O thriller de suspense do diretor Daniel Wolfe apresenta a história de uma mulher que fugiu de casa com seu namorado. Seu pai então, contrata caçadores de recompensa para recuperar a filha. Não há exposição de qualquer motivo maior que poderia influenciar o pai a tal feito, talvez a não aprovação do namorado, mas não é dito com clareza. Contudo, o que poderia ser um problema, aparece como elemento importante na construção do roteiro, esperamos a resposta que não vem. A película é dotada de uma fotografia caracterizada pela presença de poucas cores, a não ser pelos closes usados pelo diretor nos olhos de Laila. Ponto positivo, uma vez que cria uma atmosfera perturbadora. A longa extensão da trama, porém, faz a avaliação do filme cair. Conflitos que poderiam ser rapidamente resolvidos (roteiristicamente falando) são alongados sem qualquer motivo, tornando o filme chato e cansativo em alguns momentos.

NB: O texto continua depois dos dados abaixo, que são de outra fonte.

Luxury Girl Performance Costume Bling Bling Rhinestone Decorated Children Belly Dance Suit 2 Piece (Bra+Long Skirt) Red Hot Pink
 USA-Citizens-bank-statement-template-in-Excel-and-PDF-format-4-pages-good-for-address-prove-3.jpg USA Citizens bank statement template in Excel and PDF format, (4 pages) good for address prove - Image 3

A visceralidade que, em alguns momentos são o ponto alto do filme, em outros exagera sem qualquer razão, preferindo mostrar a esconder, perdendo a oportunidade de causar maior impacto dramático. O diretor tenta sair de um modelo pré-estabelecido comercialmente, sair do convencional, mas nem sempre a ousadia da certo. Bom, mas nem tanto.